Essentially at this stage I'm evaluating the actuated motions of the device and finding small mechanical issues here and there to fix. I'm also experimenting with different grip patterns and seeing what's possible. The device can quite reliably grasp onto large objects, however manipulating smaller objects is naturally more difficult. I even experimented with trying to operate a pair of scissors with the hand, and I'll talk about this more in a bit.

* * *

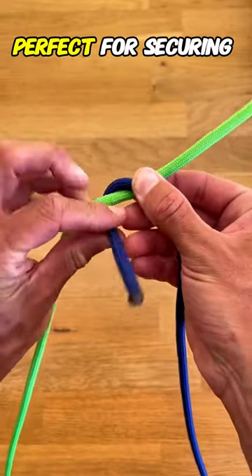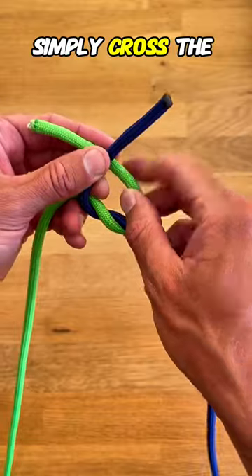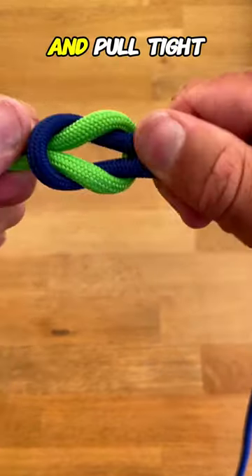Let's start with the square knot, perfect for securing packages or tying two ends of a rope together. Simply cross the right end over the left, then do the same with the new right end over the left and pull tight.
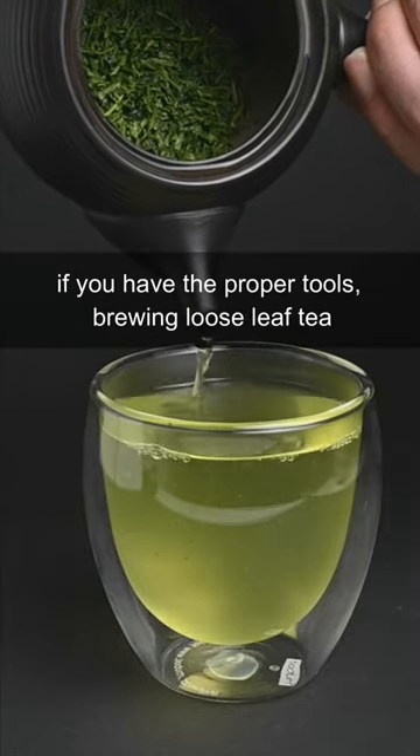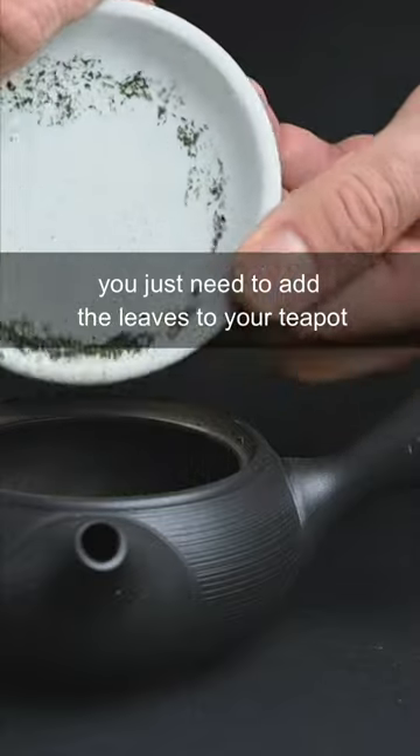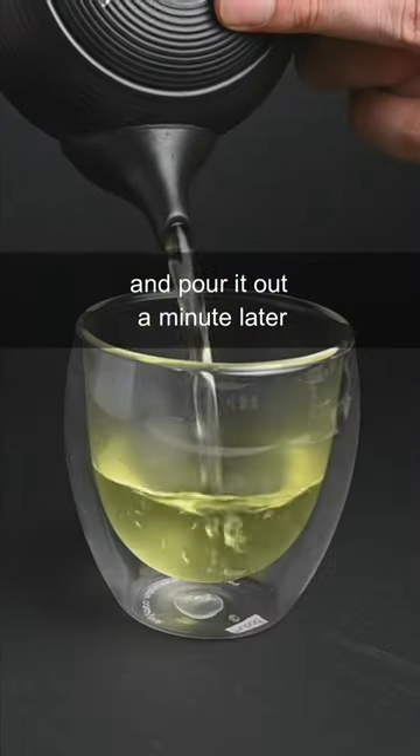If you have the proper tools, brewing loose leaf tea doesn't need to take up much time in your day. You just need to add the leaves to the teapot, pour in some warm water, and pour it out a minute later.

WHAT THE TASK ASKS: Among the entries above, copy exactly the stretch from the line holding "Let's start with" through the line holding "If you have", leaving out any pictures.

ANSWER FOR THIS EXERCISE:
Let's start with the square knot, perfect for securing packages or tying two ends of a rope together. Simply cross the right end over the left, then do the same with the new right end over the left and pull tight.
If you have the proper tools, brewing loose leaf tea doesn't need to take up much time in your day. You just need to add the leaves to the teapot, pour in some warm water, and pour it out a minute later.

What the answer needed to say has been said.